Absolutely they need to teach finance. I remember when I had to get a mortgage for my house and it was a complete slog because I had absolutely no idea how the whole process was supposed to work. The thing is its actually not that complicated, but because I didn’t know what I was doing it took forever and was stressful.
Schools teach academics. Parents teach life skills. Teachers already have enough to handle, I don’t understand this recent push to make teachers teach shit that parents should be explaining.
I somewhat agree that you can’t expect teachers to teach kids everything. A professor explained to me once that school should teach you how to learn and a degree is a demonstration of your ability to learn.
The issue I have with what you’re saying is that we know that not everyone wins the birth lottery and has two parents with the time to raise their kids properly.
Public school should be an equalizer and it shouldn’t matter what kind of family you were born into. And yes, that probably means smaller class sizes, more teachers, more specialization of teachers, or just plain giving the teachers the resources they would need to teach some of these critical things. I know teachers and know that they are underpaid and overworked, we can’t ask more of them without addressing that first.
I’m just very concerned about the long term impact to our civilization of leaving too much teaching up to parents who themselves are uneducated. There are no qualifications needed to become a parent, unlike being a teacher. Some parents that I talk to, you can’t get more than four sentences into a conversation with them before they start spouting off conspiracy theories or justifying racism and if schools aren’t allowed to teach these kids anything to the contrary then I fear for the future.

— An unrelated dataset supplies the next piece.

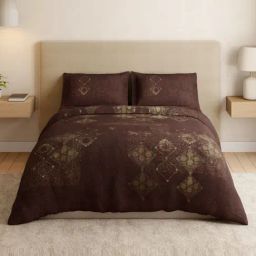 Spaces Cotton Brown Solid 180 TC Double Size Bedsheet with 2 Pillow Covers-picture-17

I’m also concerned about the perverse incentive that corporations have in a capitalist economy to ensure that kids aren’t properly educated. Kids who aren’t taught anything about finance are more likely to be preyed on by credit card companies, student loan sharks, etc. Corporations are constantly working to deceive us on all matter of topics and kids need to have at least a baseline of understanding of some of these things or they will get screwed over really easily.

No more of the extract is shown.